━━ Provided data

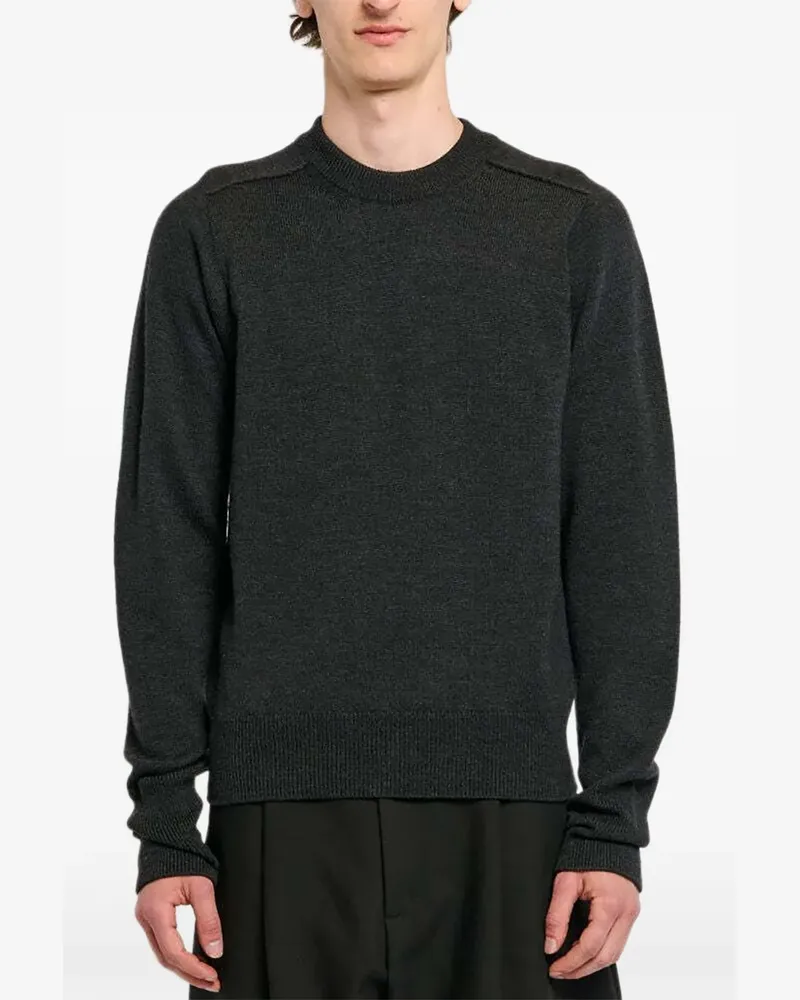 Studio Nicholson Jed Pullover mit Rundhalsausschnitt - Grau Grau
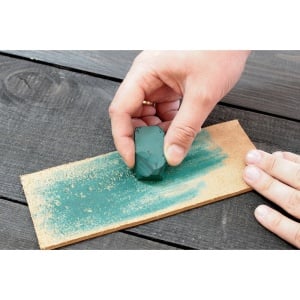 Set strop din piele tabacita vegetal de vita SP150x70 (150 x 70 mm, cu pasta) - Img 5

━━━━
━━ Provided data

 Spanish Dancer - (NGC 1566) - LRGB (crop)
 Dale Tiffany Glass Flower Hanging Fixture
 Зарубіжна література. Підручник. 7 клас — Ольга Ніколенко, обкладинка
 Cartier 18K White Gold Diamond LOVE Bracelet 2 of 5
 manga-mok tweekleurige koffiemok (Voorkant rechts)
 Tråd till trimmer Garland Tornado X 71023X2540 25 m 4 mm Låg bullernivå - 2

━━━━

→ What is required: Set down again, word for word, every line from the one with "Studio Nicholson Jed" to the one with "Set strop din" in the entries above, and omit the pictures.

→ Result for this task:
 Studio Nicholson Jed Pullover mit Rundhalsausschnitt - Grau Grau
 Set strop din piele tabacita vegetal de vita SP150x70 (150 x 70 mm, cu pasta) - Img 5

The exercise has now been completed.